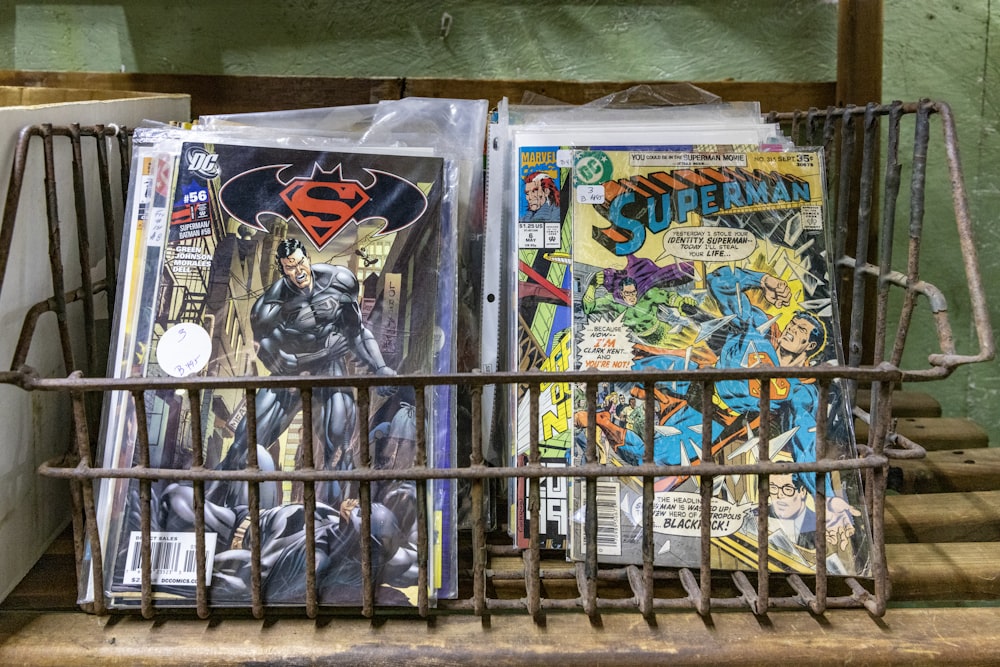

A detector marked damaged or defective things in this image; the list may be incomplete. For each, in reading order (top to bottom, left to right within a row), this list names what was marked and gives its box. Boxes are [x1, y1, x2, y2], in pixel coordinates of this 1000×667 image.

rusty metal basket [0, 99, 992, 620]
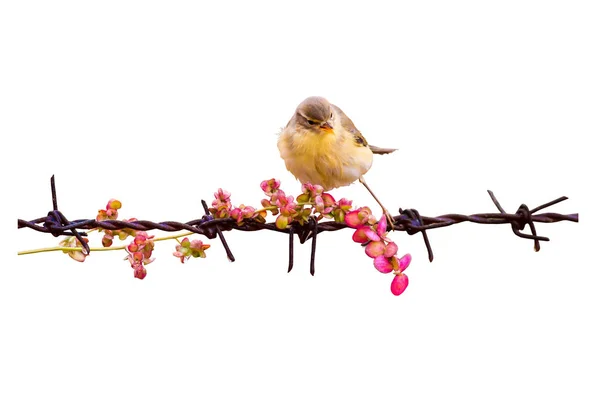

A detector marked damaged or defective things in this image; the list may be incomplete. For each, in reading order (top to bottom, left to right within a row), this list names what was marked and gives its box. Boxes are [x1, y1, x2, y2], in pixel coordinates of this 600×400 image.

rusty barbed wire [17, 176, 576, 276]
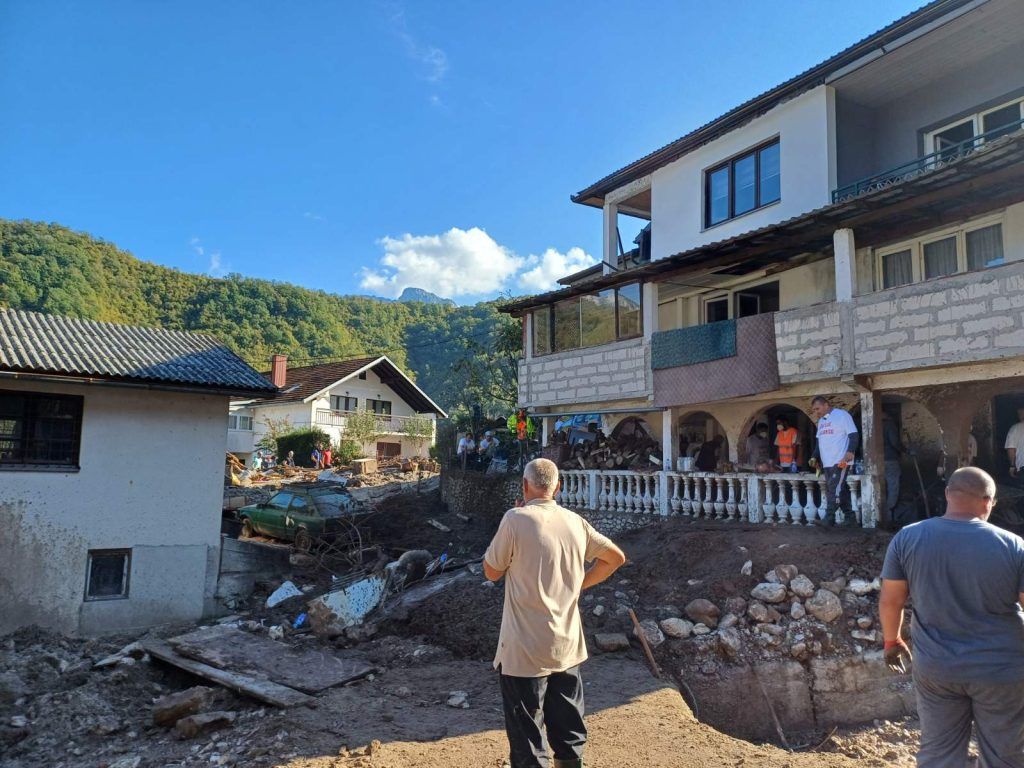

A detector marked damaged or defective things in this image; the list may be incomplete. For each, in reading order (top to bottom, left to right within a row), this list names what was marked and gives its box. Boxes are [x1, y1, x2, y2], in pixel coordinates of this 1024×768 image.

damaged house [0, 309, 278, 638]
damaged house [230, 356, 446, 462]
damaged house [501, 0, 1024, 528]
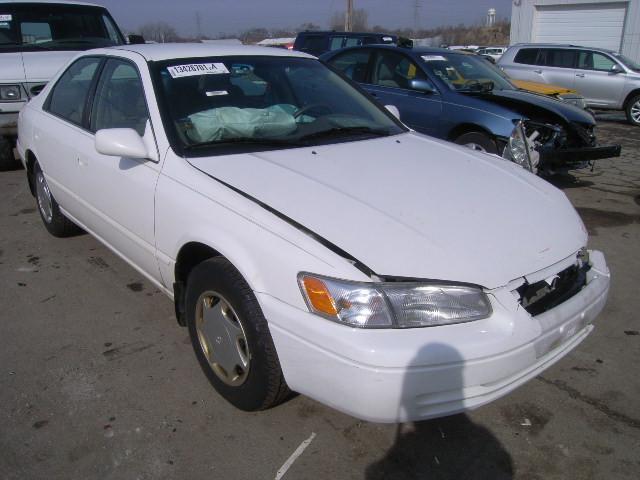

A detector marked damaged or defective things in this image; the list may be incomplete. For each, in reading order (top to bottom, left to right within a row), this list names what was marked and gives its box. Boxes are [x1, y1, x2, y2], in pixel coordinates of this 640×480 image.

broken headlight [502, 119, 532, 171]
broken headlight [298, 272, 492, 328]
crack in pavement [536, 376, 640, 430]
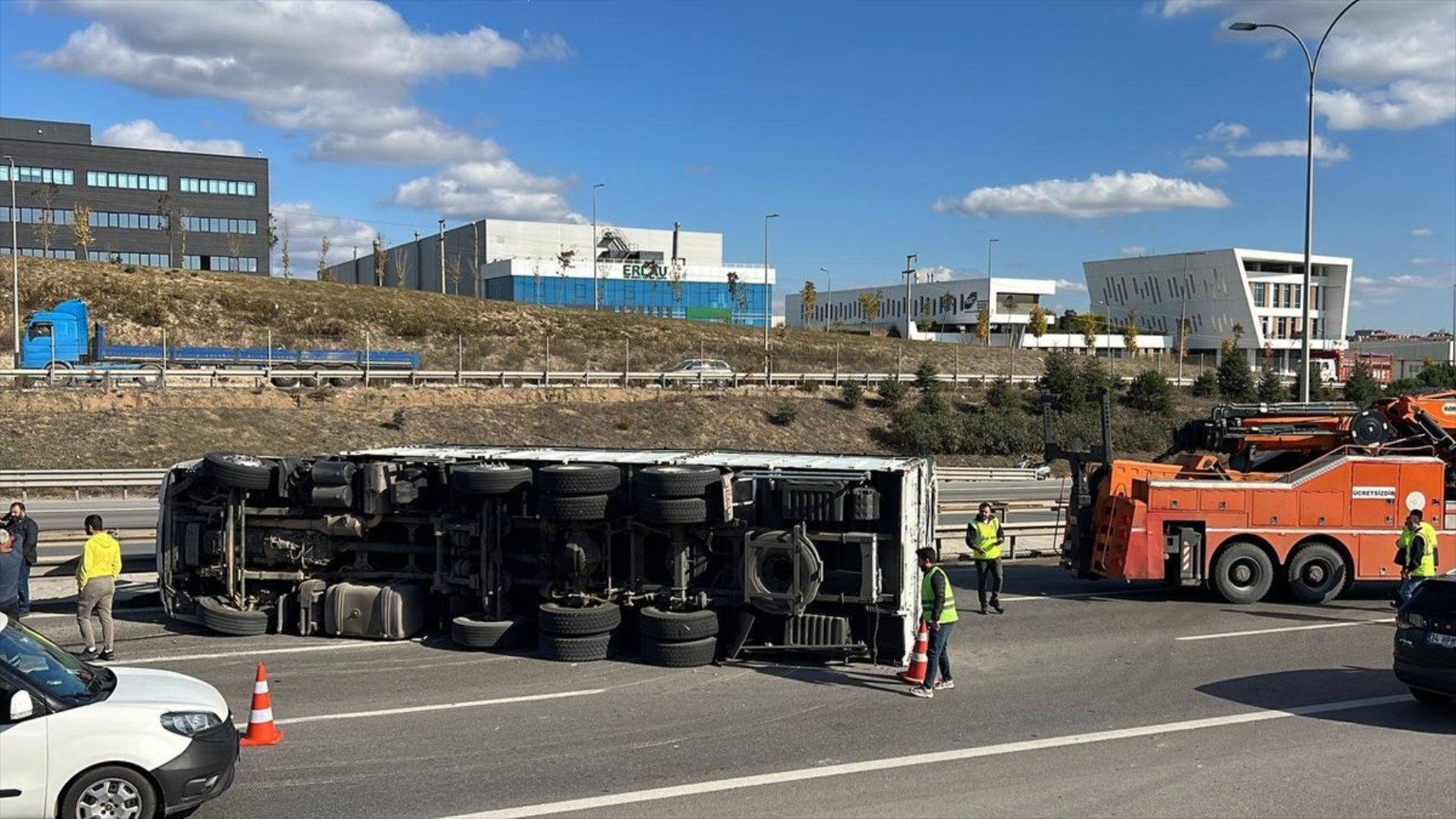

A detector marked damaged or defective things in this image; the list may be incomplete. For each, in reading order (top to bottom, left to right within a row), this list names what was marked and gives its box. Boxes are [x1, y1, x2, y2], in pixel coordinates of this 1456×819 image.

overturned truck [159, 446, 931, 664]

..............................

Problem statement
Nothing should be printed except the lines from the one with "this 640×480 image." through the last line of the listing above, both ends included; please drop the pictures.

Response box
A detector marked damaged or defective things in this image; the list may be incomplete. For each, in reading order (top to bottom, left to right within a row), this list names what was marked and gives its box. Boxes are [x1, y1, x2, y2], in pixel coordinates of this 640×480 image.

broken headlight [502, 119, 532, 171]
broken headlight [298, 272, 492, 328]
crack in pavement [536, 376, 640, 430]

A detector marked damaged or defective things in this image; the list may be incomplete. For each, in reading order (top to bottom, left to right within a row), this list names what was marked and gives its box. Boxes are [x1, y1, x2, y2], in pixel coordinates of this 1456×819 image.

overturned truck [159, 446, 931, 664]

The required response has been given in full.